Ha 23 anni e da tre è in Italia come richiedente asilo.

E’ insomma il tipico essere umano da tempo ci dicono di odiare. E’ uomo, è nero, è un richiedente asilo. Quindi è ovviamente uno spacciatore, uno stupratore, un assassino, un terrorista, uno che ci ruba il lavoro, che se non fosse per lui l’Italia sarebbe un paradiso.

Ecco, provate a raccontarlo a lei, alla ragazza sulla destra, ai suoi genitori, alla sua famiglia.

Lei, che sabato scorso ha rischiato di affogare tra i cavalloni del mare agitato di Finale Ligure, che non riusciva più a tornare a riva, che non poteva far altro che urlare.

Babacar quelle urla le ha sentite.

E quelle onde le ha viste. Sapeva che avrebbero potuto trascinare a fondo anche lui, ucciderlo.

Però non ci ha pensato un istante. Si è gettato in mare, ha preso la ragazza, ha rischiato di annegare a sua volta, sfinito dalla fatica.

Ma ha raggiunto la riva, salvando lei e salvando se stesso.

E se lui non fosse stato qui in Italia in quel momento oggi lei sarebbe probabilmente ancora sotto il mare. Una vita sarebbe spezzata. E con la sua quella della propria famiglia.

Quindi tutti i richiedenti asilo sono quindi degli eroi?
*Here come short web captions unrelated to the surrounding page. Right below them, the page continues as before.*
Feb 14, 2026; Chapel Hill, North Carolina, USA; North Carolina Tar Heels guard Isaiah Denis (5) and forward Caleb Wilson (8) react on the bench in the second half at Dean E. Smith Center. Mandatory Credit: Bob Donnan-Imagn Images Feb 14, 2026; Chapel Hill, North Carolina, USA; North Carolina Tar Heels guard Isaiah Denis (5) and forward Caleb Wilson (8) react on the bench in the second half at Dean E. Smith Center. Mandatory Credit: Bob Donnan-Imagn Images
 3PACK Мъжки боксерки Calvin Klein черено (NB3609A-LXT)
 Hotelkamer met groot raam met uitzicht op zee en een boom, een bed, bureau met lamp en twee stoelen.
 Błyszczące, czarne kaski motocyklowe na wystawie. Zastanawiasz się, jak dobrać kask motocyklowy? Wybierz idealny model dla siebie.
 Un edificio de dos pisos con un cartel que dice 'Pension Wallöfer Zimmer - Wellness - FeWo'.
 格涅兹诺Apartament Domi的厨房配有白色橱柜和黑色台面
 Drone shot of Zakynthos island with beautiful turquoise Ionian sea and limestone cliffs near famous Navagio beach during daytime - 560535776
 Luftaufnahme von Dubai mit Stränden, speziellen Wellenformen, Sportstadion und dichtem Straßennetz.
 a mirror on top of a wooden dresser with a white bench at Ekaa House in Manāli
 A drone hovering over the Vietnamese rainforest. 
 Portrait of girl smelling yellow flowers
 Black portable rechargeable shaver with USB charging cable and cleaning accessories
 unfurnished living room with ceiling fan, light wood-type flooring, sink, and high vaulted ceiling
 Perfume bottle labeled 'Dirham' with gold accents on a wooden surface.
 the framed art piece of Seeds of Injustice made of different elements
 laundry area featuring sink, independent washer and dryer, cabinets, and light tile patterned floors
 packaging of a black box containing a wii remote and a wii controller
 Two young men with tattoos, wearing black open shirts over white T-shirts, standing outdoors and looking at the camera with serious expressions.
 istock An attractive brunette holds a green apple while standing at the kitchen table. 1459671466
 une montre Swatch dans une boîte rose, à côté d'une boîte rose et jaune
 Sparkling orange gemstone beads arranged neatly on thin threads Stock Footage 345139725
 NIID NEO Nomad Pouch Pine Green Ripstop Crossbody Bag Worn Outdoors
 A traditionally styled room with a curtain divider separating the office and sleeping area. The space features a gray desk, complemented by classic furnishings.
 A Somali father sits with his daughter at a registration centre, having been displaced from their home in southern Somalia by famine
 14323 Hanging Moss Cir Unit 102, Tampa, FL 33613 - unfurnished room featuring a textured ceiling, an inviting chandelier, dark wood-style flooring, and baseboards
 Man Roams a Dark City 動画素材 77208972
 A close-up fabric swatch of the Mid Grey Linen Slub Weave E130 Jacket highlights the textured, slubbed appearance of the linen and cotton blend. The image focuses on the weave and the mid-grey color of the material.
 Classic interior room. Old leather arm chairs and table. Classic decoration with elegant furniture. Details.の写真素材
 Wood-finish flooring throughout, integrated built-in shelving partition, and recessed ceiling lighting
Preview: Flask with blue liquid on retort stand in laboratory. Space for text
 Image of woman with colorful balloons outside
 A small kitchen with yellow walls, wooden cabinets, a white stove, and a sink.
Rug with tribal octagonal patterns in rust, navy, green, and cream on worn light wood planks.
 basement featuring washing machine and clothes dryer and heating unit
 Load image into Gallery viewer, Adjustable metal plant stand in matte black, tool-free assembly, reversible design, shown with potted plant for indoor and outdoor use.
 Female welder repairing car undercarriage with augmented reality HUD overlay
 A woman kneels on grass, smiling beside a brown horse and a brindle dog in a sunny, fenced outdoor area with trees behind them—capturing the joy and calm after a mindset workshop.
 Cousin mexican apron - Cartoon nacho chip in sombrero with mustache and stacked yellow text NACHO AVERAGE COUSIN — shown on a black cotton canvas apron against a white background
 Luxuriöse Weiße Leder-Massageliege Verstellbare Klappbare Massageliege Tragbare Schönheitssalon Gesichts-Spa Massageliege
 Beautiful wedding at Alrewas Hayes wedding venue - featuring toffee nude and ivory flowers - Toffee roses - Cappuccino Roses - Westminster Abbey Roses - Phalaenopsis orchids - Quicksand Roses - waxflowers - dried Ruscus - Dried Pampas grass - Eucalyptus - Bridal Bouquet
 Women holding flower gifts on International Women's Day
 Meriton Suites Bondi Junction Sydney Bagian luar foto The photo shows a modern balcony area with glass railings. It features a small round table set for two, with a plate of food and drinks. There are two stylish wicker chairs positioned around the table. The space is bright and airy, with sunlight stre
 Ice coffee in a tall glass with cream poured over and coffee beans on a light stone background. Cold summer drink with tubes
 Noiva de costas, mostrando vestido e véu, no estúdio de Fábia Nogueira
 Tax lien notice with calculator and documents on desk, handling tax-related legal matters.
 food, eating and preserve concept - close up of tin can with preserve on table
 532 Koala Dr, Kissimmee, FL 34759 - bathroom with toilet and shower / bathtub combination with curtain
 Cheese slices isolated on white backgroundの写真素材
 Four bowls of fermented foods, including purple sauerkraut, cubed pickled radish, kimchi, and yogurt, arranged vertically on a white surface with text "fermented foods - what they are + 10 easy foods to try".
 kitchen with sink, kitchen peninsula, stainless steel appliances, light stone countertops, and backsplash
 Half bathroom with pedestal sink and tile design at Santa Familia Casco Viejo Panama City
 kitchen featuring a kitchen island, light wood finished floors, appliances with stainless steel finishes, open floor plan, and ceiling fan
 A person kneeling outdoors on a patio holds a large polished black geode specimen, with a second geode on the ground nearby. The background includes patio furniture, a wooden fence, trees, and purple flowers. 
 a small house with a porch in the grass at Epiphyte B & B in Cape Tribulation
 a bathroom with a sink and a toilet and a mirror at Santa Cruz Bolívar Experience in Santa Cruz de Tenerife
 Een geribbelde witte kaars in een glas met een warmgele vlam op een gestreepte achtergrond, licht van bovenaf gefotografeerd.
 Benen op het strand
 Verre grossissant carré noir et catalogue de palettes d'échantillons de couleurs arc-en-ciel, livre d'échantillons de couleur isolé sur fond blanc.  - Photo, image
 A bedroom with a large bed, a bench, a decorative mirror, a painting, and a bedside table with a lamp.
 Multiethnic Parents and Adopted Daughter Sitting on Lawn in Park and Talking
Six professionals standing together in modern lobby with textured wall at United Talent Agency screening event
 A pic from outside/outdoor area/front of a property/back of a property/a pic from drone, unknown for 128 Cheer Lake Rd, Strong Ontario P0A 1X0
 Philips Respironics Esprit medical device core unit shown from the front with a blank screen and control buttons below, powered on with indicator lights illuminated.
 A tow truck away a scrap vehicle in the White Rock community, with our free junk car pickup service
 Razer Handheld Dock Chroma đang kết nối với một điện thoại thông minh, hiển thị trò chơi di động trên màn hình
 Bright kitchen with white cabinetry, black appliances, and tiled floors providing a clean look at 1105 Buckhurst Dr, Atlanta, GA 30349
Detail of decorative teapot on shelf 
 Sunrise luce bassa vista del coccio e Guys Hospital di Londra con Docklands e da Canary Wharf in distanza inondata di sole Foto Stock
No, questo episodio non fa di tutti gli immigrati degli eroi e delle persone oneste e coraggiose.

Così come un immigrato che spaccia non fa di tutti gli immigrati degli spacciatori. O degli stupratori o degli assassini.

Ogni essere umano andrebbe valutato solo per ciò che lui è, non per il gruppo a cui appartiene.

Ma so che questo concetto, tanto elementare, non entrerà mai nella testa di alcuni.

Non perché non lo capiscano, lo capiscono eccome.

Solo conviene loro così. E’ più comodo, no?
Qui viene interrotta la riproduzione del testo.